- _RAW DATA_:

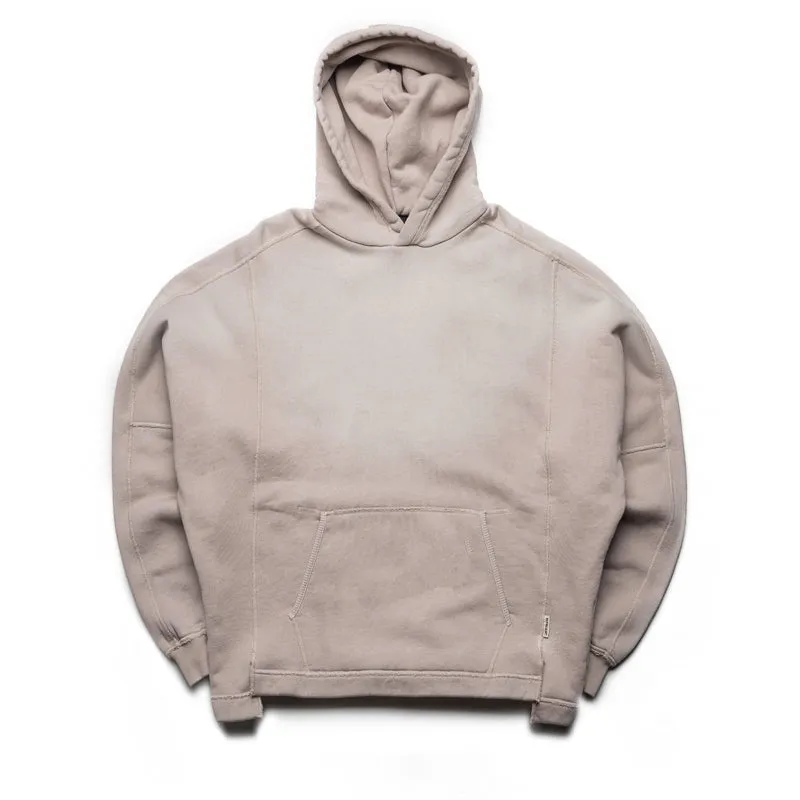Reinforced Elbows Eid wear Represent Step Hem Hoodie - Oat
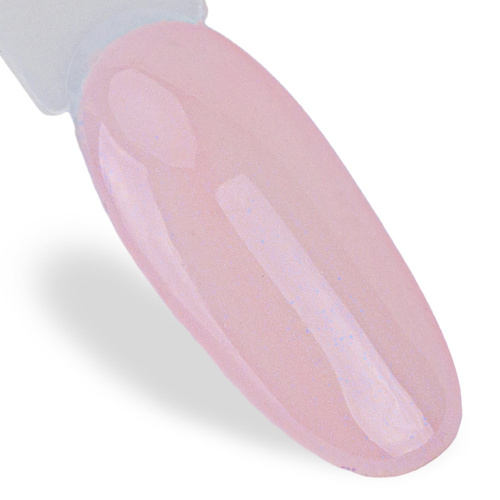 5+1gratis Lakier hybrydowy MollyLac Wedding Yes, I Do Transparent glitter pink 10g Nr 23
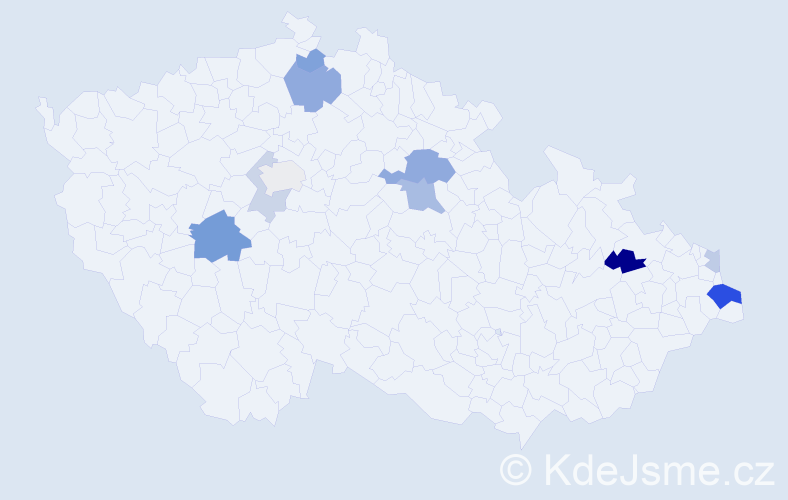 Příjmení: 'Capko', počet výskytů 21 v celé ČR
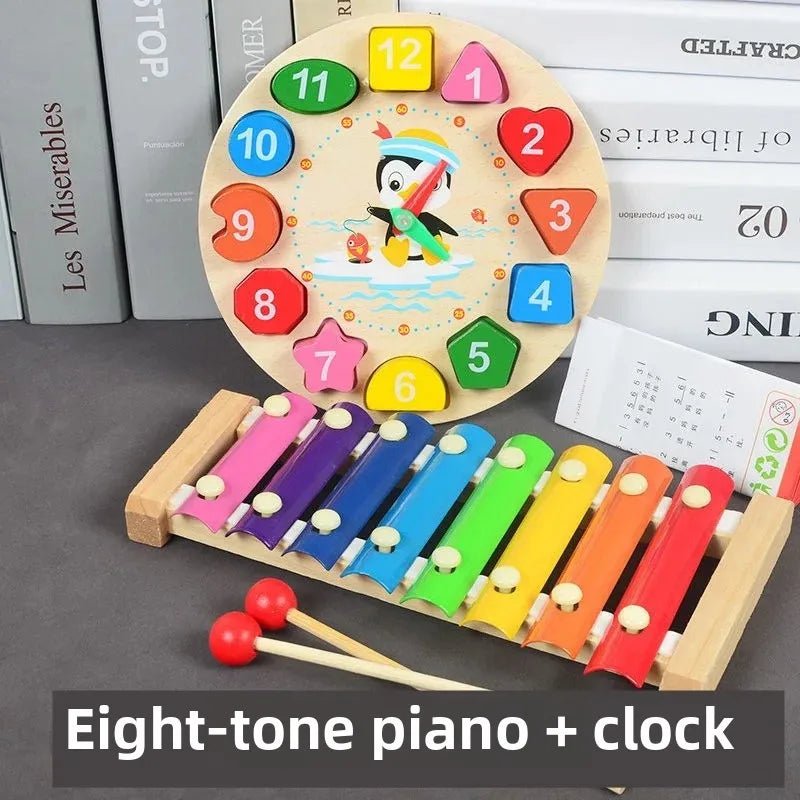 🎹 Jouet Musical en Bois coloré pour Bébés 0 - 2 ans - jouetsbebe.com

- _EXERCISE BRIEF_:
The preceding listing is to be restated word for word, with every picture omitted.

- _RESPONSE_:
Reinforced Elbows Eid wear Represent Step Hem Hoodie - Oat
 5+1gratis Lakier hybrydowy MollyLac Wedding Yes, I Do Transparent glitter pink 10g Nr 23
 Příjmení: 'Capko', počet výskytů 21 v celé ČR
 🎹 Jouet Musical en Bois coloré pour Bébés 0 - 2 ans - jouetsbebe.com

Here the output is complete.